Bryan Ruiz quase fez o 2-0 aos 61′. Gelson Martins apanhou uma bola na área, de João Mário, foi à linha, não centrou logo, ergueu a cabeça, viu quem chegava, e chegou Ruiz. O cabeceamento do costa-riquenho, pressionado por Baixinho e Góis, ao segundo poste, saiu por cima. Não marcou o Sporting, marcou o Paços, de grande penalidade. Foi aos 78′. Barnes Osei, ganês, também ele, como Andrezinho, formado no Paços de Ferreira, centrou desde a direita, a bola cruzou a defesa, e quando Cícero se aproximou para tentar desviá-la, o árbitro, Manuel Oliveira, viu um empurrão de João Pereira nas costas do ponta-de-lança guineense, deitou o apito à boca, assinalou falta, e expulsou o lateral-direito do Sporting. Pelé bateu para a esquerda, Rui Patrício escolheu a direita da baliza, e fez o 1-1.

O Sporting foi atrás de virar o resultado, da vitória, às vezes com certeza, às vezes em esforço, e o Paços de Ferreira defendia como conseguia, todos os instantes lhe serviam para respirar, ganhar fôlego e ganhar tempo no cronómetro do árbitro portuense. Aos 88′, Jefferson centra para a área, Carrillo amortece de cabeça, e Gelson, na passada, meio acrobático, chuta de primeira com o pé direito, para uma defesa esforçada, no relvado, de Marafona, que desviou, junto ao poste, com a luva esquerda.

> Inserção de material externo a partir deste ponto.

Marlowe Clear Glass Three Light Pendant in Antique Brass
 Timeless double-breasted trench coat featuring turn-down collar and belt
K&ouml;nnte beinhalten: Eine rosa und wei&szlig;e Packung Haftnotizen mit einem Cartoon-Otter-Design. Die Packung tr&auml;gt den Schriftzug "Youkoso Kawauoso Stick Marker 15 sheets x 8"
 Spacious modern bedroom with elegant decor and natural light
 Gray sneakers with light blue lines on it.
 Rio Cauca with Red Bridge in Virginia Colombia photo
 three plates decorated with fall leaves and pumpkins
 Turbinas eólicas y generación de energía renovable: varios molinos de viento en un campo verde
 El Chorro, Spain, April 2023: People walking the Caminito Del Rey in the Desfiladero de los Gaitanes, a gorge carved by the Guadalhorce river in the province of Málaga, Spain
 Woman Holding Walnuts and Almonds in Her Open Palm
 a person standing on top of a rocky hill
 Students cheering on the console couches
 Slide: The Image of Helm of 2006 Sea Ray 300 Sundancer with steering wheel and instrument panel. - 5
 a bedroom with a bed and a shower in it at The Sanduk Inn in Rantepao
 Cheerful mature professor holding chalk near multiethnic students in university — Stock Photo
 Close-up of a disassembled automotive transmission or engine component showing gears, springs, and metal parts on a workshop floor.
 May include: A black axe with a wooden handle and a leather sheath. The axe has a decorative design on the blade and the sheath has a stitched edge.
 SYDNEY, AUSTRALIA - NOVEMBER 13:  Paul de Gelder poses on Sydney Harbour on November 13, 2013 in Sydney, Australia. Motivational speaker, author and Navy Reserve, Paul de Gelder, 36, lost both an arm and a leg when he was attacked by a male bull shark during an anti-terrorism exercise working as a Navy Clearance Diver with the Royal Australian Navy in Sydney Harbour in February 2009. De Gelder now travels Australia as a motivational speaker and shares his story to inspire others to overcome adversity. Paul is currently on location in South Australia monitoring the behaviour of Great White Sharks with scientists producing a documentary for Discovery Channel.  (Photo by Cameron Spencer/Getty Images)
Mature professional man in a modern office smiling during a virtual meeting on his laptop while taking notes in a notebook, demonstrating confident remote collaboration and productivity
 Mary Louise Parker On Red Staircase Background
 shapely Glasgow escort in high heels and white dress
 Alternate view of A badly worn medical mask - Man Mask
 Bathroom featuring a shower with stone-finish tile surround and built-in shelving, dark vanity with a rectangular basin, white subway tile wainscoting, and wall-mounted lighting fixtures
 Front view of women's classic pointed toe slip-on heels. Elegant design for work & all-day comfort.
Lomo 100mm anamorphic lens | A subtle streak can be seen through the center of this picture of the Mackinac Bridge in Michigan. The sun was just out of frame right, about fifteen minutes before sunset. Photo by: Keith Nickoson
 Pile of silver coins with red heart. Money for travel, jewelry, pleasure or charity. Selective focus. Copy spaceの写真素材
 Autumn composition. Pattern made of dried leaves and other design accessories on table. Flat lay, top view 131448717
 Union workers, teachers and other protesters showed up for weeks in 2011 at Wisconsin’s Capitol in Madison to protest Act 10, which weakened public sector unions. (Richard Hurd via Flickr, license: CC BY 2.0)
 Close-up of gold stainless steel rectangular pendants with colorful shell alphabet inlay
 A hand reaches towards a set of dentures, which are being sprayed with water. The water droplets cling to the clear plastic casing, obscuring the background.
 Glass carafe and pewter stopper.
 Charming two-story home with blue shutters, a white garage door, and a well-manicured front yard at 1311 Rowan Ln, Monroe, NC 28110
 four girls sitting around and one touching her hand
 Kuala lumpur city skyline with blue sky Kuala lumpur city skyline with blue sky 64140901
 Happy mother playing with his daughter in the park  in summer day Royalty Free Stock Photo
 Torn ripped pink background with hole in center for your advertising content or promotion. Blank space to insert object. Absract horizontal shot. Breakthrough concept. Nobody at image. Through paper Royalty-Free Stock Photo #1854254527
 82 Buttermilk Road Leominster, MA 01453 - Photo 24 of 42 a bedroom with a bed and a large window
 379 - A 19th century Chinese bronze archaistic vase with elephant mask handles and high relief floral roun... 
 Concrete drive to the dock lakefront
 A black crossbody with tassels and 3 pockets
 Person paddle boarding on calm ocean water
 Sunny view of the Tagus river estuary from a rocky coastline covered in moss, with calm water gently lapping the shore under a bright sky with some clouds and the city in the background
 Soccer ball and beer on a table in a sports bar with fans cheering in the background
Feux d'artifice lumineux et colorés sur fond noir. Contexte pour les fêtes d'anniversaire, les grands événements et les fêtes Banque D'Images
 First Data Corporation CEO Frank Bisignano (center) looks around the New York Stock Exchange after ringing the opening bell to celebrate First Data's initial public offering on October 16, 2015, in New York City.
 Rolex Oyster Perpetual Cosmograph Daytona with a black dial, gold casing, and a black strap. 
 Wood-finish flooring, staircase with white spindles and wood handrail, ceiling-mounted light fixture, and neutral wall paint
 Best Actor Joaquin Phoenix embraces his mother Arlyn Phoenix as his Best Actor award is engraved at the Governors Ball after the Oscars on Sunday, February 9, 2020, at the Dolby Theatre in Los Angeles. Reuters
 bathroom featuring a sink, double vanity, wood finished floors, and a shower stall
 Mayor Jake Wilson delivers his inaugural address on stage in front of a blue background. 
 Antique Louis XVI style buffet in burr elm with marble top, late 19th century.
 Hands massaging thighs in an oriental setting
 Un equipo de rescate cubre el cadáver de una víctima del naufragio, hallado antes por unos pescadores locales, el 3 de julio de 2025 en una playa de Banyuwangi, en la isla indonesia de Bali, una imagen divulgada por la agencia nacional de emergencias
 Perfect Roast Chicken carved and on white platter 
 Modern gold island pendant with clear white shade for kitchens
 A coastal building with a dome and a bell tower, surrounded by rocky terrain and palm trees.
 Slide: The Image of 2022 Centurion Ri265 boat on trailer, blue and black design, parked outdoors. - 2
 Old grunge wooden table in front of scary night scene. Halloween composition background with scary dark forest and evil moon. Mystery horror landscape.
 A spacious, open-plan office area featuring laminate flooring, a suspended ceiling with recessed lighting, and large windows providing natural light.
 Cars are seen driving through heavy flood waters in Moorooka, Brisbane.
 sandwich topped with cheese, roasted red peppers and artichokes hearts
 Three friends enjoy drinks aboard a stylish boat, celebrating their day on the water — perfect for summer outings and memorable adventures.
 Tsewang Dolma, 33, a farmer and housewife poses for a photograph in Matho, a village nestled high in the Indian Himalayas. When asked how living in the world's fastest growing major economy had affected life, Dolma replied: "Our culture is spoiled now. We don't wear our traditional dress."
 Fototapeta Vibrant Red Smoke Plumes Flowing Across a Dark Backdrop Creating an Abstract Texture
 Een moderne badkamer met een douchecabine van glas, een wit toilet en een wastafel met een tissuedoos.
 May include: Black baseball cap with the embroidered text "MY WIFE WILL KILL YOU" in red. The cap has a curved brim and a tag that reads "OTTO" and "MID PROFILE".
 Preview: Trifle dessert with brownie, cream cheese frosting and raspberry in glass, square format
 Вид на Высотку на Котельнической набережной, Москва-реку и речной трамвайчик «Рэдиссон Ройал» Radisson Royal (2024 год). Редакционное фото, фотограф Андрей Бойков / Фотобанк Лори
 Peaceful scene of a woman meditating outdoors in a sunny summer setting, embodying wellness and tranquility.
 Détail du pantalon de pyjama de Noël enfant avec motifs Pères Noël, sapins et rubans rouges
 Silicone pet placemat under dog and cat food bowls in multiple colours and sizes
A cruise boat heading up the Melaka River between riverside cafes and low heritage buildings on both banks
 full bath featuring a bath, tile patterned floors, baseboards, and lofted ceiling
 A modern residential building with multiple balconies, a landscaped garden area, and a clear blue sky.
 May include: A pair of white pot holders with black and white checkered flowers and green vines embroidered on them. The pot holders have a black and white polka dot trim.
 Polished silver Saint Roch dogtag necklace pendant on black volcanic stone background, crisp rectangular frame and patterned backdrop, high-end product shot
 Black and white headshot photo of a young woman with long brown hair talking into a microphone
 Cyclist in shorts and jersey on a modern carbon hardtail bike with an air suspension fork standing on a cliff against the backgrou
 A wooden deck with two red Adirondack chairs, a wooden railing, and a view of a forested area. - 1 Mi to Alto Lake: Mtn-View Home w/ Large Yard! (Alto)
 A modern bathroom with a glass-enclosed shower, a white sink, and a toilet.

O jogo terminou pouco depois, com uma assobiadela e tanto dos adeptos sportinguistas. No relvado, Jorge Jesus e os futebolistas dos leões mostravam-se pouco satisfeitos com o penalti de João Pereira, que reclamavam não ter existido. O empate deixa as duas equipas no primeiro lugar, provisoriamente, com quatro pontos. Quarta-feira, o Sporting vai a Moscovo, ao Arena Khimki, defrontar o CSKA, no jogo mais importante da temporada, e com muitos milhões em disputa. No regresso à Liga, viaja até Coimbra, no domingo, para defrontar a Académica, enquanto o Paços de Ferreira recebe, na Mata Real, o Arouca. O recorde que o Sporting procurava hoje, não caiu no relvado de Alvalade. Caiu Cícero, esse sim, e o Paços (que também não levou um recorde de volta a casa) empatou o jogo.